Using the records below, output the stretch that opens with the line containing "Kornblume Lux Satinband" and closes with the line containing "Depuis Lesbos, le", exactly and including both lines, with nothing more.

━━━━━ Material shown ━━━━━

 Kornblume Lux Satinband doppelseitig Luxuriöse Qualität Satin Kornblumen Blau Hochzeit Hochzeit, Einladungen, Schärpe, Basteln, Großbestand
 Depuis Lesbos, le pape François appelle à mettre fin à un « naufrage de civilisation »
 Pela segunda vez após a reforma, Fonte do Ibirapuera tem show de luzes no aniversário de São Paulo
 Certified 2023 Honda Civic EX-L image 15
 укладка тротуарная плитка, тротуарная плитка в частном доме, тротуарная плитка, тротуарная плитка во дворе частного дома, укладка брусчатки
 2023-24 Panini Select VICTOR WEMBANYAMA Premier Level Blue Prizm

━━━━━
━━━━━ Material shown ━━━━━

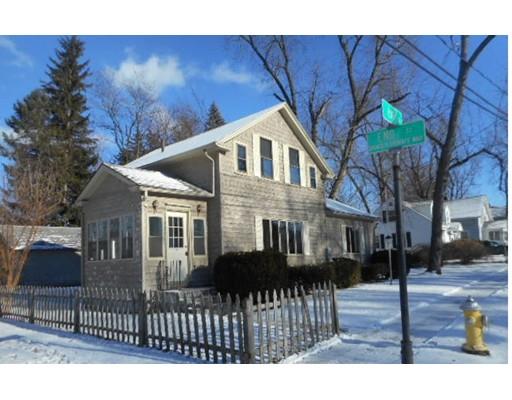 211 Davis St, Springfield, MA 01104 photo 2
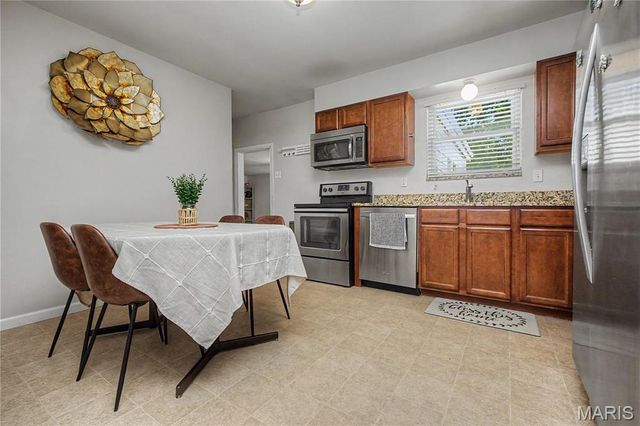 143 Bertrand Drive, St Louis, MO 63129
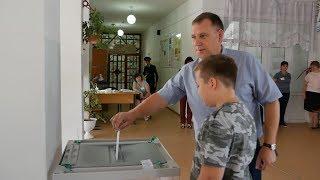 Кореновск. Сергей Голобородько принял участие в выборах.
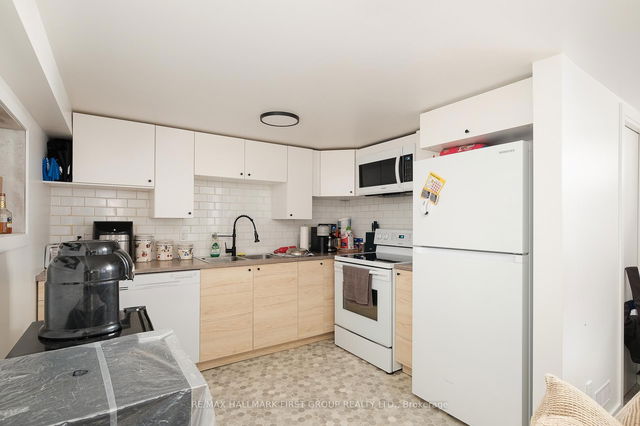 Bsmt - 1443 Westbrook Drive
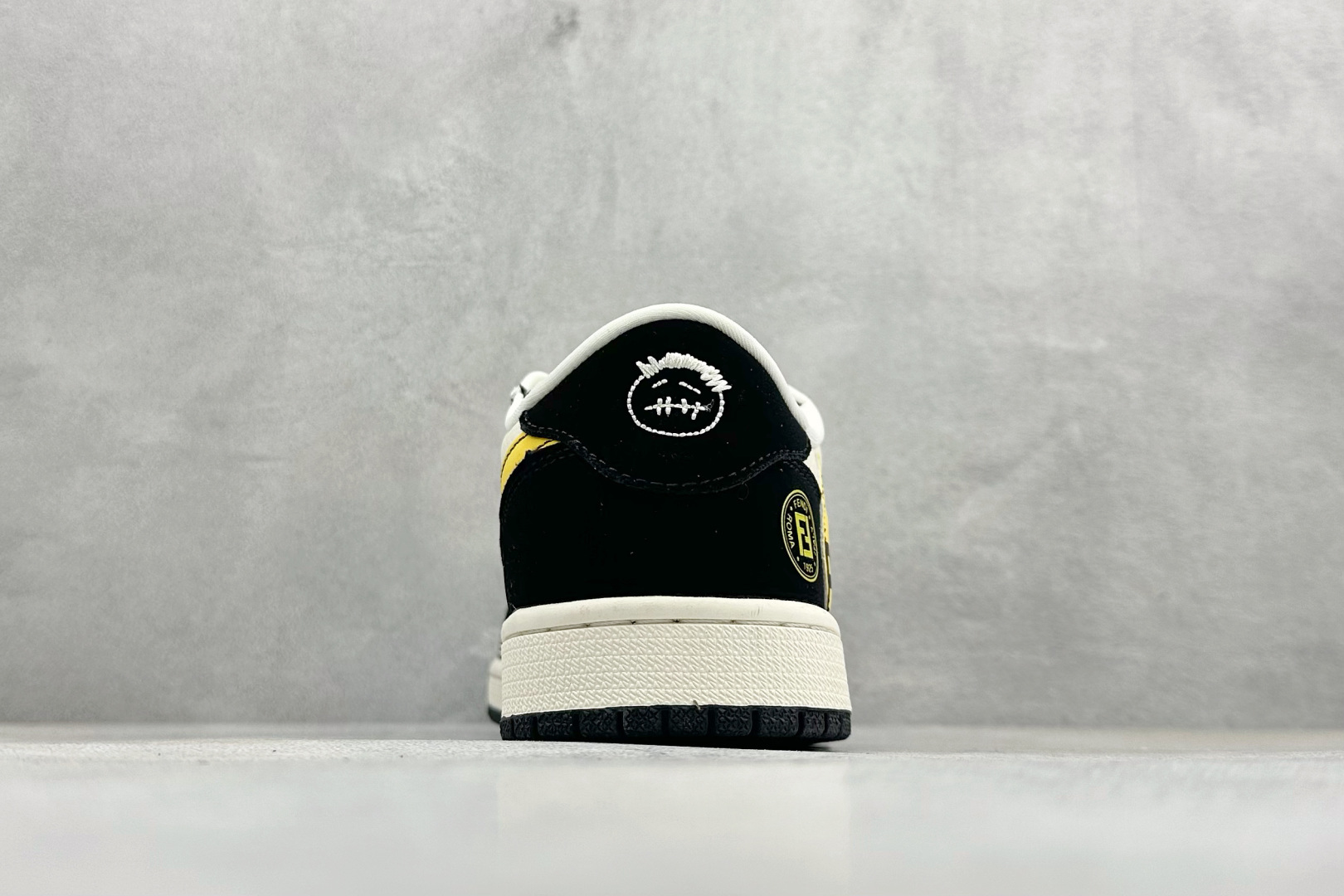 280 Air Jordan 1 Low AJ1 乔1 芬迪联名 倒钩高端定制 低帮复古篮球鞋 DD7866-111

━━━━━

● **Result for this exercise**:
 Kornblume Lux Satinband doppelseitig Luxuriöse Qualität Satin Kornblumen Blau Hochzeit Hochzeit, Einladungen, Schärpe, Basteln, Großbestand
 Depuis Lesbos, le pape François appelle à mettre fin à un « naufrage de civilisation »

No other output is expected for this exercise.